How height of human Eugene children ages 2-12 varies with age.

Human height varies relatively little about the mean, and has often been modeled as Normally distributed. As long as the SD isn’t too big we won’t get any negative heights. Some googling turns up average curves that look more or less straight over this age range, so we’ll go with a normal family GLM with an identity link function.

To simulate this, it looks like children at age 2 have a mean height of around 80cm, which goes up to about 150cm over the next 10 years. The standard deviation is probably around 7%, so 7cm.

n <- 100 # children
heights <- data.frame(
                      age = round(runif(n, 2, 12), 1) )
params <- list(
               age = 7, # = (150 - 80)/10
               intercept = 66, # = 80 - 2 * 7
               sd = 7)

heights$mean <- params$intercept + params$age * heights$age
heights$height <- rnorm(n, mean=heights$mean, sd=params$sd)
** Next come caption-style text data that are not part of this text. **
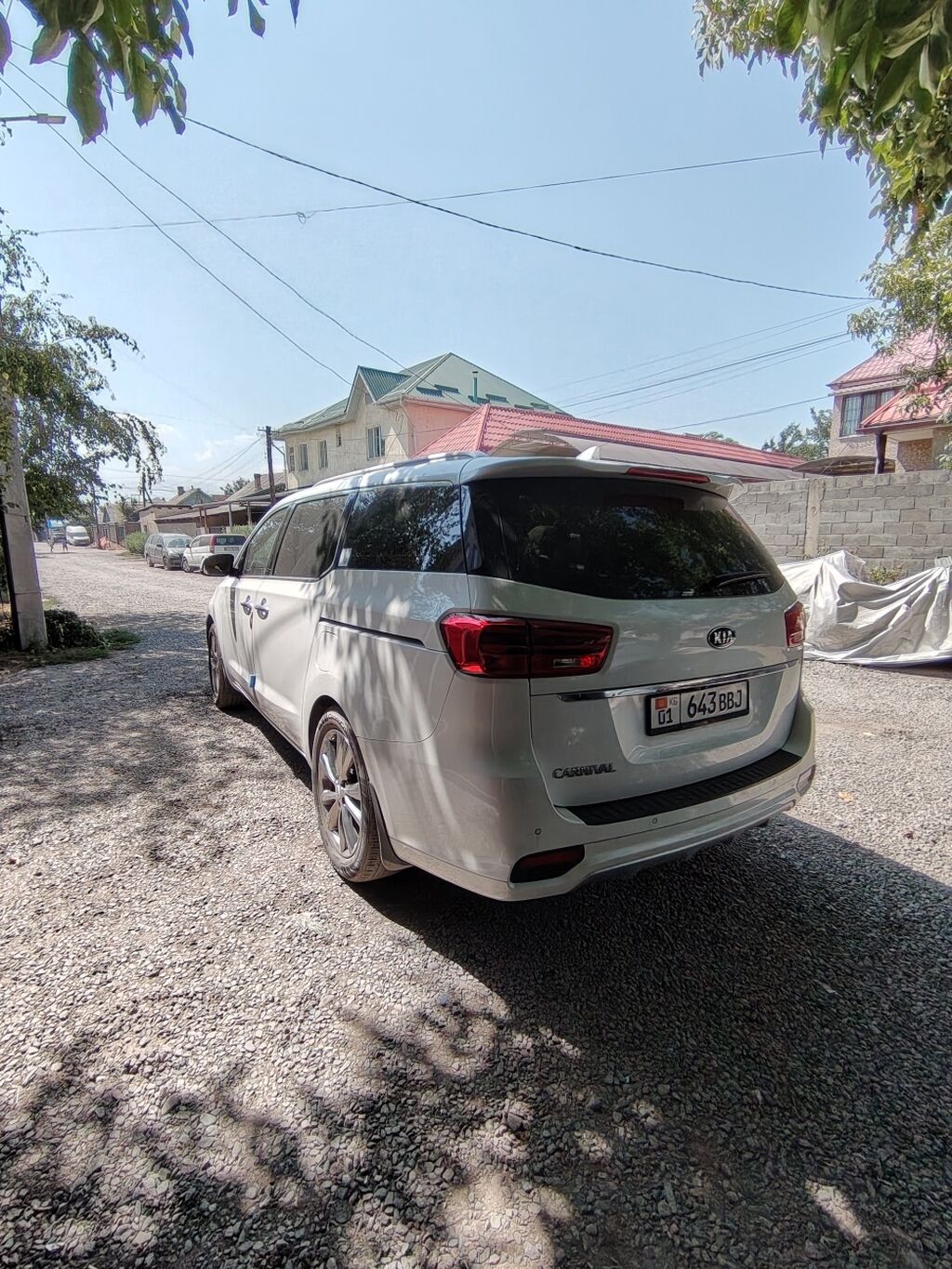 Kia Carnival: 2020 г., Дизель: фото 3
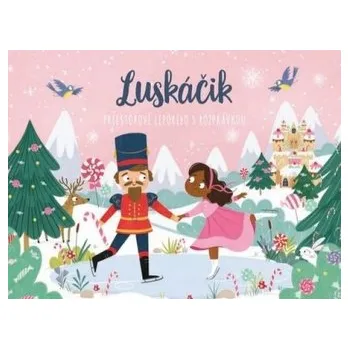 Kniha Luskáčik [SK] (2023, Leporelo, Svojtka § Co., s.r.o.)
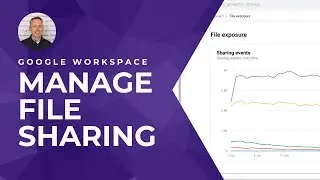 Google Workspace for Education: Master File Sharing with Trust Rules & Target Audiences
(ggplot(heights, aes(x=age, y=height)) + geom_point() + geom_smooth(method='loess', formula=y~x)
 + xlab("age (years)") + ylab("height (cm)"));
plot of chunk r sim_heights

How house prices are predicted by elevation and square footage.

House prices are (more or less) continuously distributed, nonnegative, and highly right-skewed (the most expensive houses cost a lot more than most houses). The Gamma distribution can fit all those criteria, and if we make the mean depend on the exponential of the linear predictor then we can ensure it’ll always be positive. So, we might use a gamma family GLM with a log link function.
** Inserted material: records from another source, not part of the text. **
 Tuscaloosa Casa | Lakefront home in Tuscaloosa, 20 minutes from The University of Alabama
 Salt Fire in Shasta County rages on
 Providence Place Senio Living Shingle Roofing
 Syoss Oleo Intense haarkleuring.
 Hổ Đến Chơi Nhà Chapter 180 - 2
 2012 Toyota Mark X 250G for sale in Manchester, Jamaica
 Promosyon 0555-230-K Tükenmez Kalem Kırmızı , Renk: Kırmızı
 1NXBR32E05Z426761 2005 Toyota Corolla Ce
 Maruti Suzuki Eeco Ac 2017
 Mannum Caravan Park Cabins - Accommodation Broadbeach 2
To simulate this, let’s say that elevation varies by a thousand feet, and (googling) houses are between a thousand and (rarely) a few thousand feet. I think typical houses cost hundreds of thousands of dollars, and square footage is more important than elevation, so let’s say that mean house price goes up by a factor of 2 per thousand square feet, and by 50% over the thousand feet of elevation. (A factor of 5 produced billion-dollar houses, whoops.) We don’t want a lot of dispersion, so we’ll pick the shape parameter of the Gamma to be on the large side so there isn’t a lot of variance. In reality, elevation and square footage are probably correlated, but I’ll ignore that.

n <- 100 # houses
houses <- data.frame(
                     elevation = round(runif(n, 0, 1000), 0),
                     size = round(rgamma(n, shape=1.2, scale=1000), 0))

# note these are on a log scale
params <- list(gamma_shape = 5,
               intercept = log(1e5),
               elevation = log(1.5) / 1000, # since mean should go up by exp(1000 * this) over 1000 feet
               size = log(2) / 1000)

houses$mean <- exp(
                   params$intercept
                   + params$elevation * houses$elevation
                   + params$size * houses$size )
houses$price <- rgamma(n, shape=params$gamma_shape, scale=houses$mean/params$gamma_shape)

grid.arrange(
    (ggplot(houses, aes(x=size, y=price, col=elevation)) + geom_point()
     + xlab("house size (sq ft)") + ylab("house price ($)")),
    (ggplot(houses, aes(x=elevation, y=price, col=size)) + geom_point()
     + xlab("house elevation above reference (ft)") + ylab("house price ($)")),
    ncol=2);
plot of chunk r sim_houses

The simulation has a probably unrealistic range of house prices, but nothing is wildly unreasonable.